Dublin Nazi No 1: 'The Life of Adolf Mahr'
By Gerry Mullins Liberties Press /17 253pps

MAHR was made Director of the Irish National Museum in 1927.

Many questions remain unanswered about Mahr. Was he a Nazi?

Hitler clearly made an impression when he 'delivered' Mahr's native Sudatenland back to Germany. Did he know of Hitler's planned murder of Jews? Seems to have but kept his head down.

What was he doing in Dublin? Was he a Nazi spy? Could well have been, the Irish army intelligence kept him under surveillance.

When he left Ireland with his family for Germany in the summer 1939, war broke out but he seemed in no great hurry to get back to Ireland. Why? At the close of the war British authorities arrested him. Why would Britain feel it necessary to arrest a harmless archaeologist? Final question: Is it a good read? Intriguing.

Close the Wicket Gate
By Johanna O'Mahony Walters Mercier Press npa 222pps

THE Kilmichael Bar in Bandon was the genuine article, the real Irish pub now flagrantly pastiched ad nauseam. Your genuine Irish pub came about because back in the 40s there was so little profit to be made from drink alone that the pub doubled as a grocery.

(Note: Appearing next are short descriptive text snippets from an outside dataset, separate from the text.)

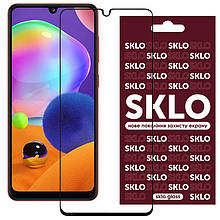 Протиударне Захисне Загартоване Скло SKLO 3D (full glue) для Samsung Galaxy A31 Олеофобне/Тонкое/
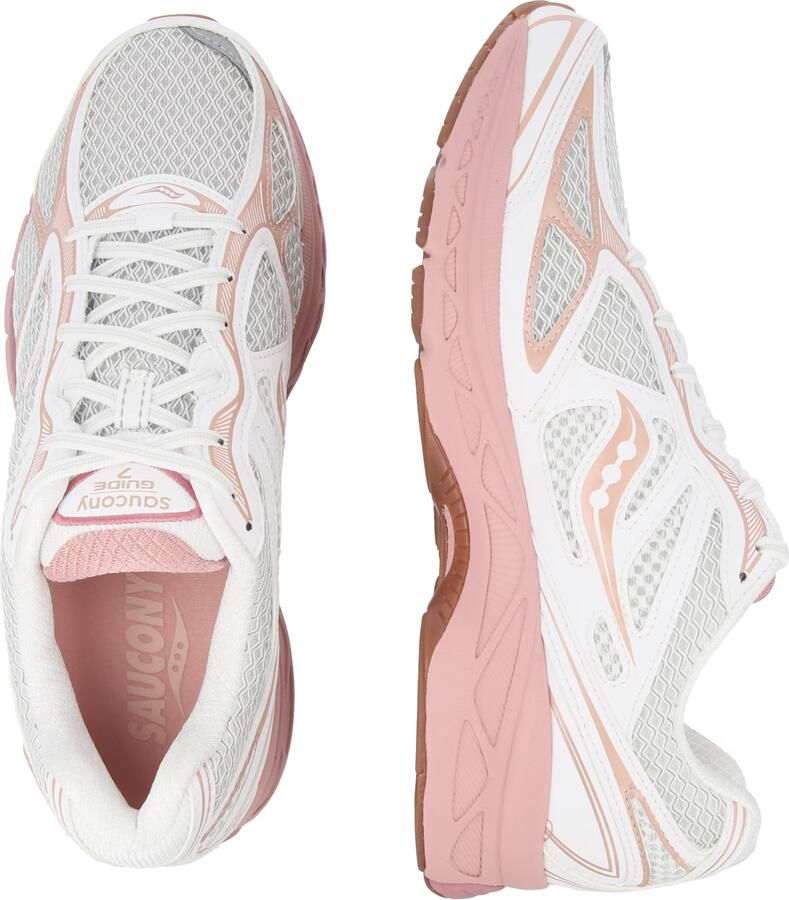 Saucony Sneakers laag 'PROGRID GUIDE 7' abrikoos oudroze wit - Foto 9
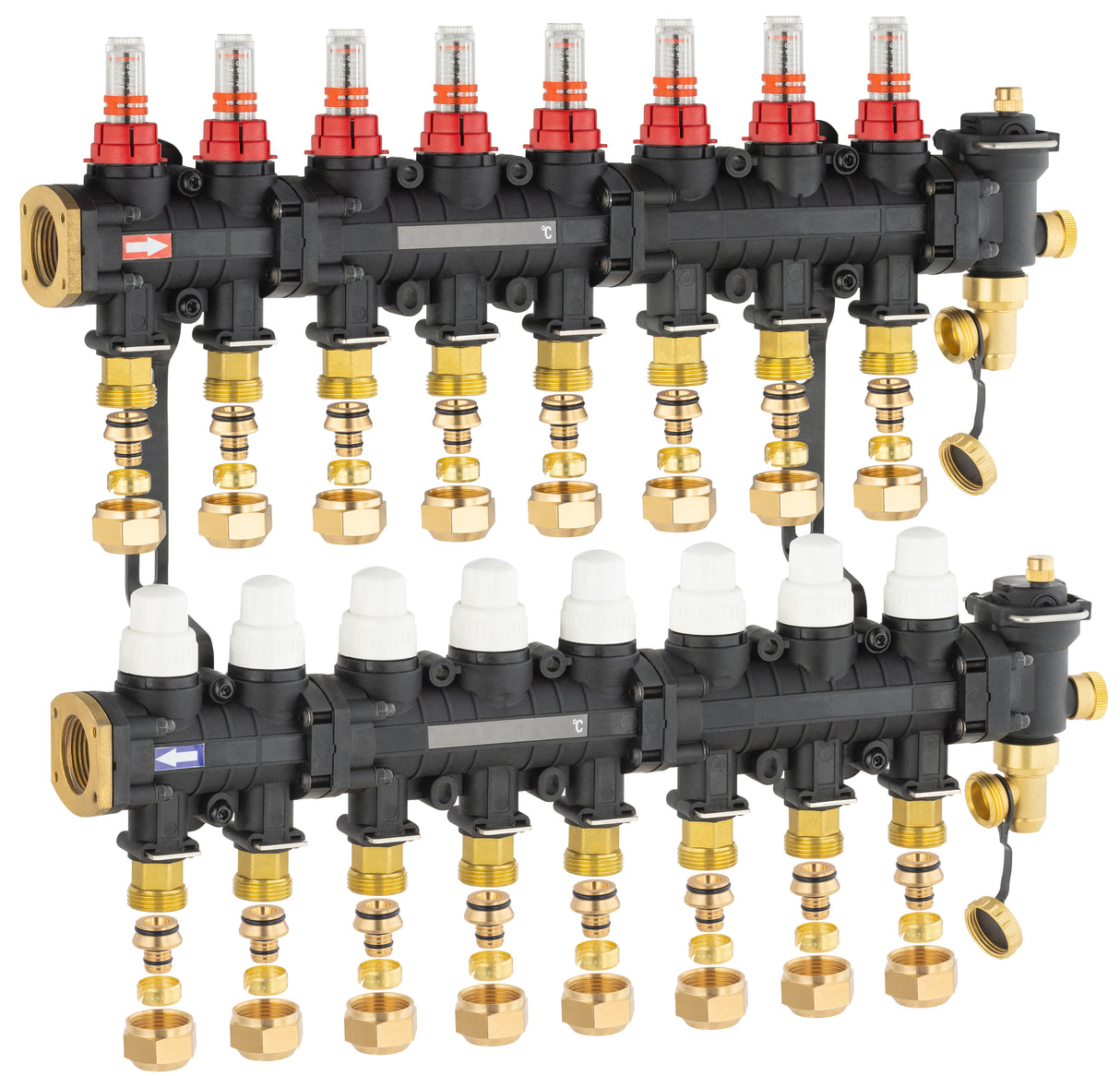 Colector para suelo radiante / refrescante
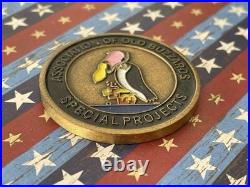 RARE Authentic VTG US Navy Special Projects Squadron One VPU-1 Challenge Coin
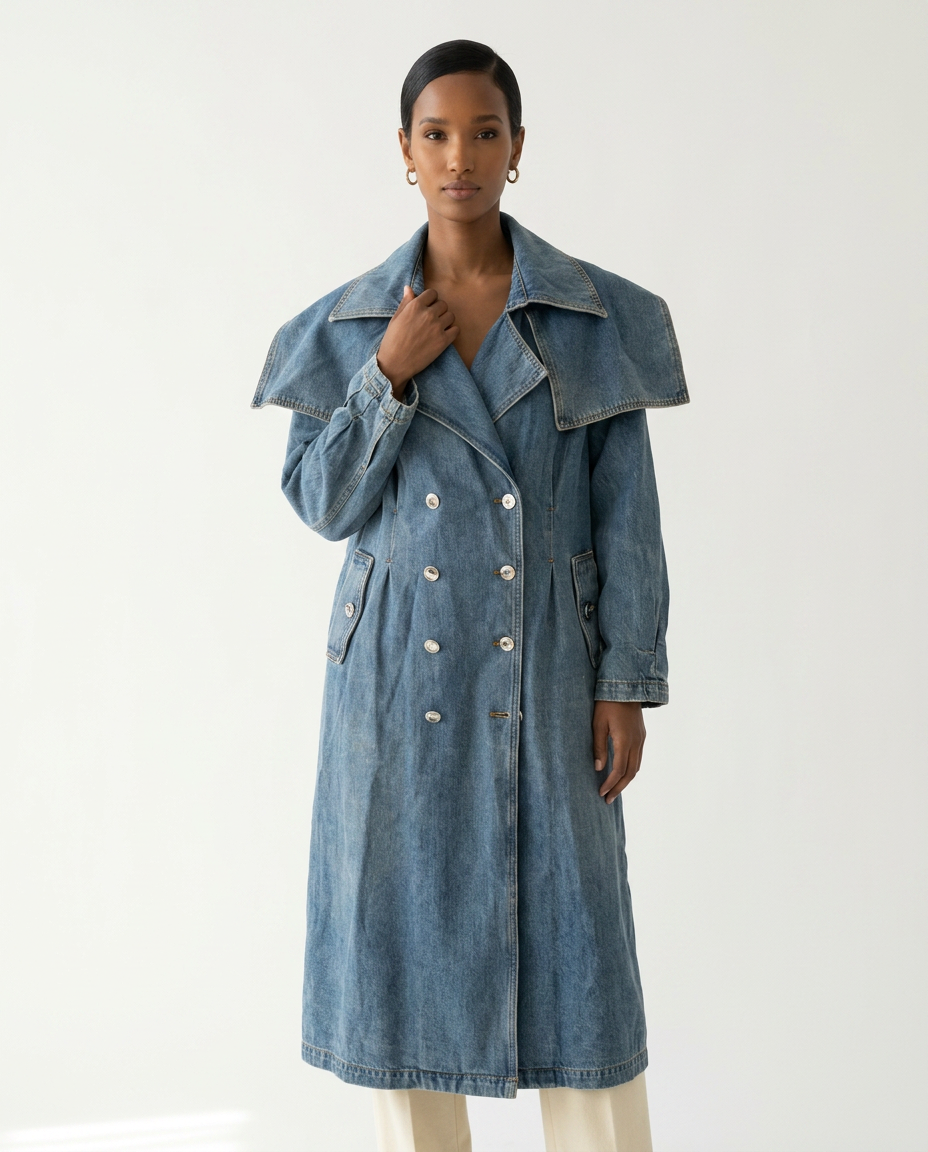 The Architect Denim Trench Coat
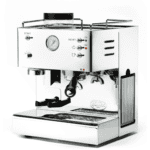 Quick Mill Pegaso Espresso Siebträgermaschine Gesamtansicht Edelstahl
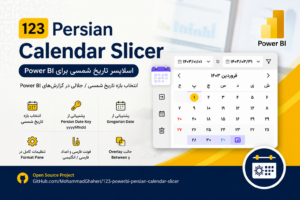 اسلایسر تاریخ شمسی جلالی برای PowerBI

This is a clear-eyed account of what those times were like for Johanna and her community. It is sentimental in parts, but honest.

It was a community complete in itself. The one thing they didn't have was work. People left by the boatload, Johanna reminds us. There is whimsy, too, as when a fishing party is in endangered when their boat leaks. While the others are furiously bailing out, one refuses. "Why should I, " he snorts indignantly, "it's not my boat."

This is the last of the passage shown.